> **PROBLEM STATEMENT**:
Give the listing again exactly, omitting its images.

> **RECORDED DATA**:

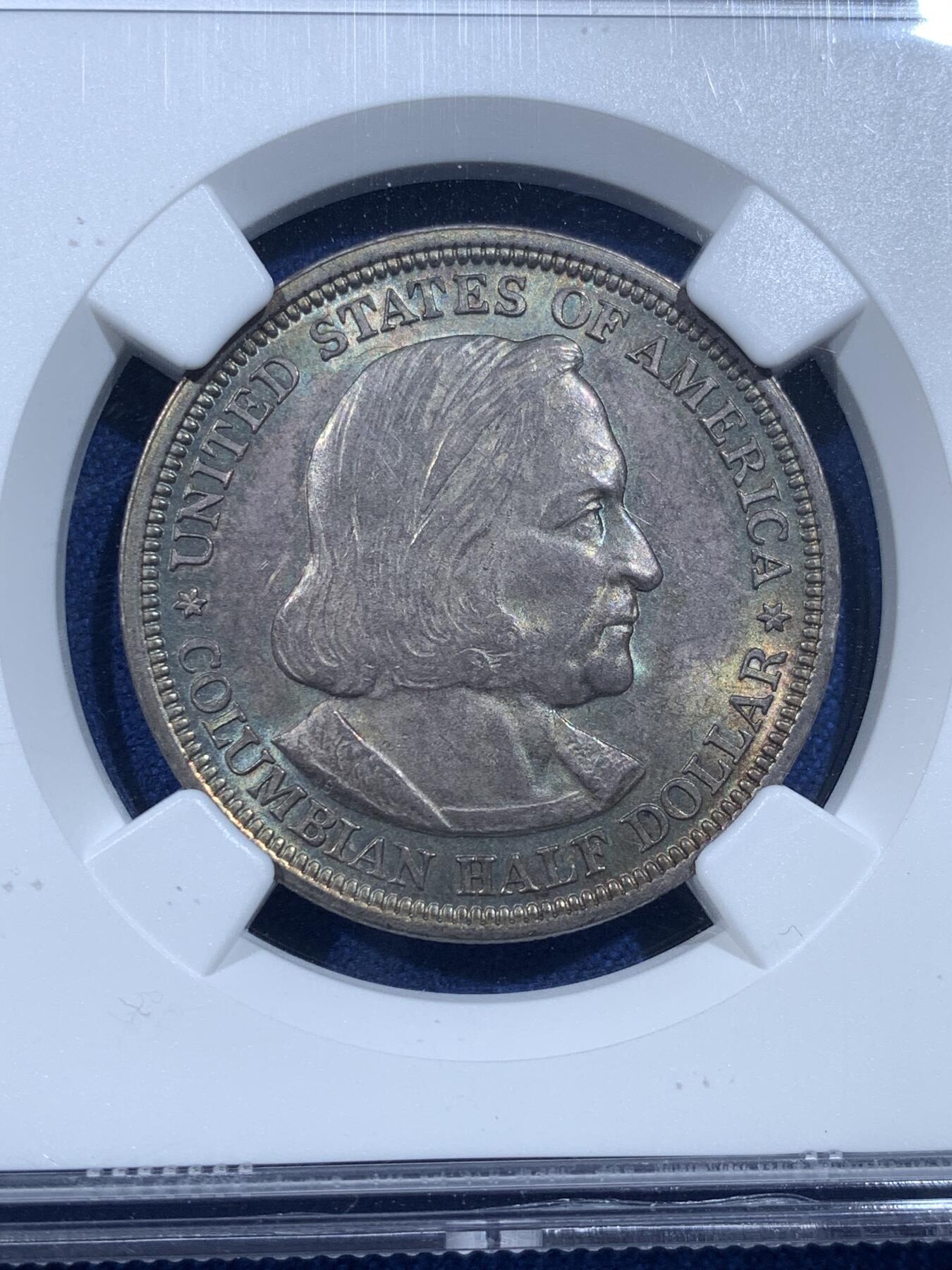 《竞宝斋》第482场 周日，周一 2场连拍 （全场包邮）20级店铺 欢迎送拍 NGC MS64 美国 1892年 哥伦布半美元 纪念银币 少见的绿色包浆 非常好看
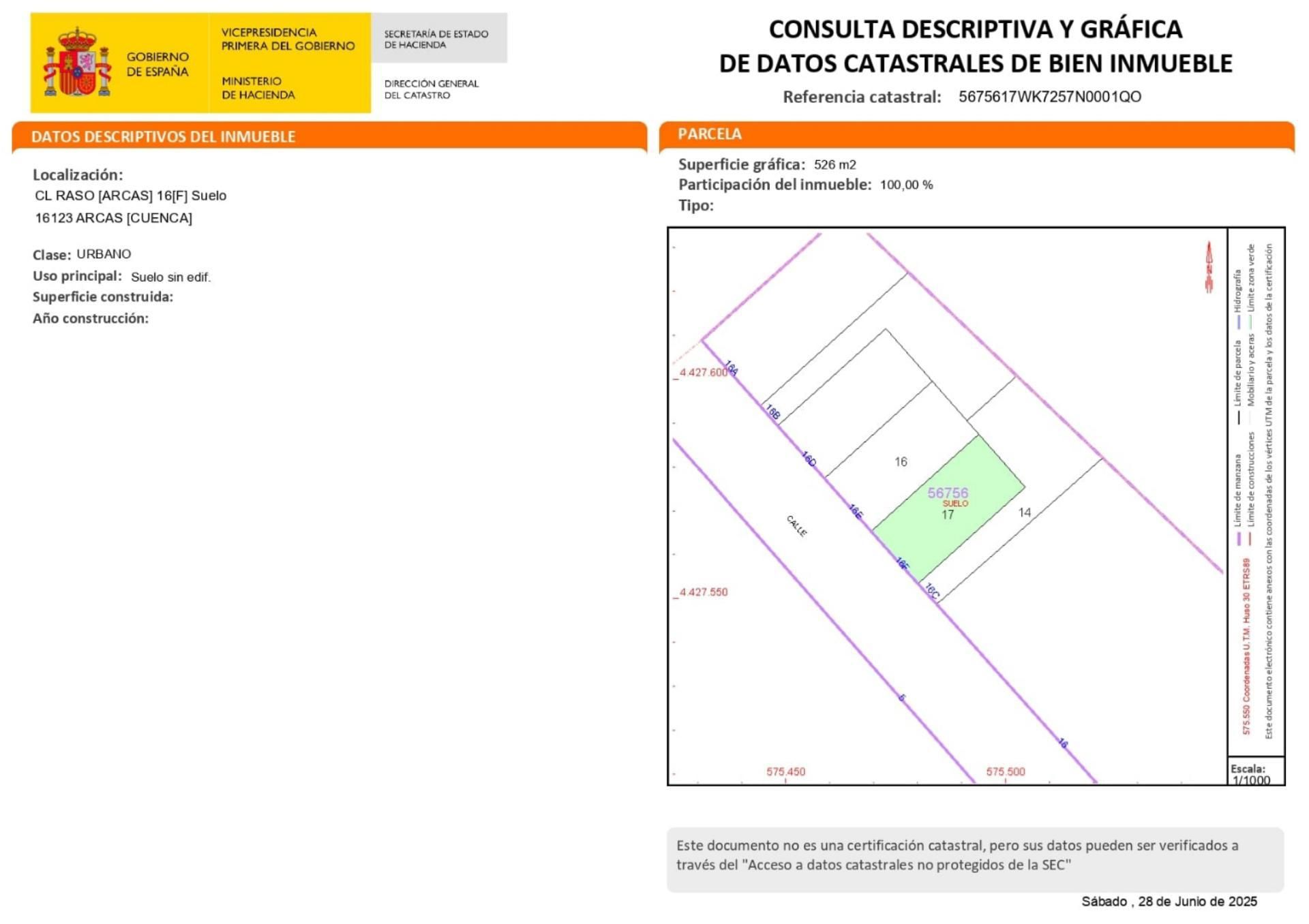 Land for sale in Arcas del Villar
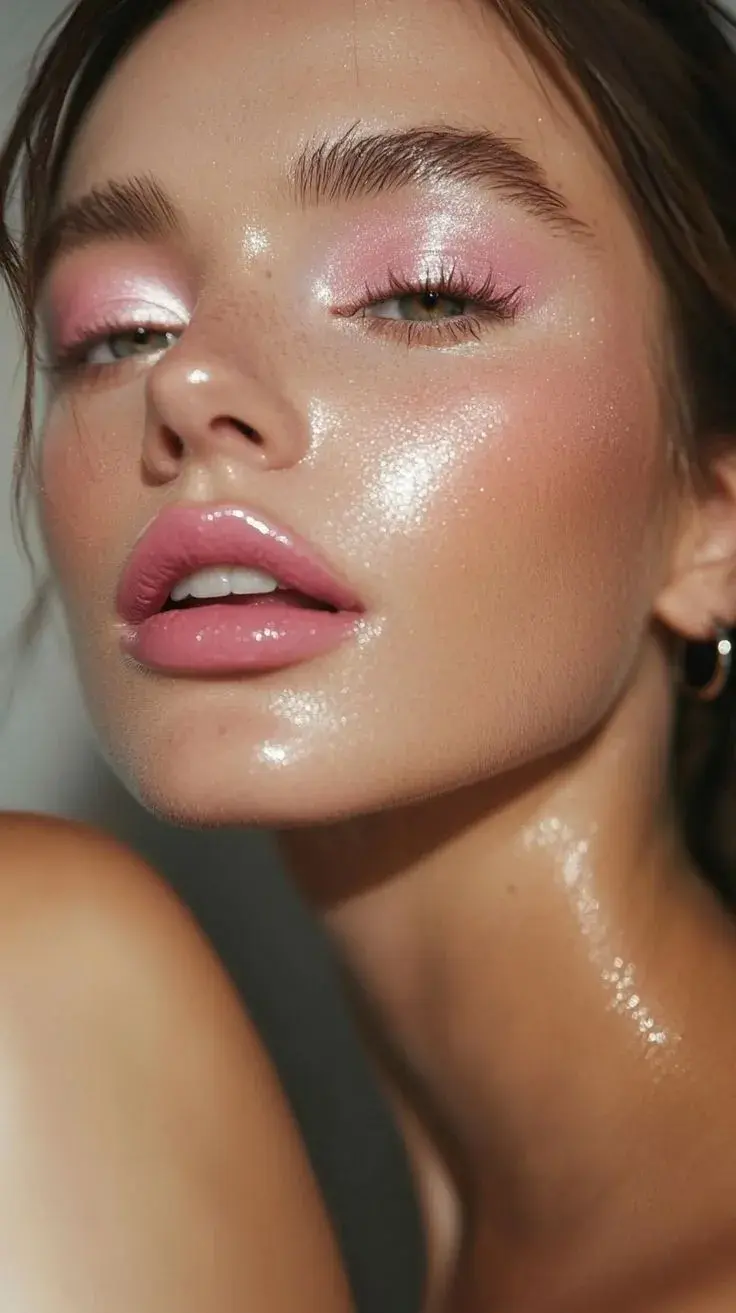 La base fluída y los labios con mucho gloss, son los grandes protagonistas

> **RESULT FOR THIS TASK**:
 《竞宝斋》第482场 周日，周一 2场连拍 （全场包邮）20级店铺 欢迎送拍 NGC MS64 美国 1892年 哥伦布半美元 纪念银币 少见的绿色包浆 非常好看
 Land for sale in Arcas del Villar
 La base fluída y los labios con mucho gloss, son los grandes protagonistas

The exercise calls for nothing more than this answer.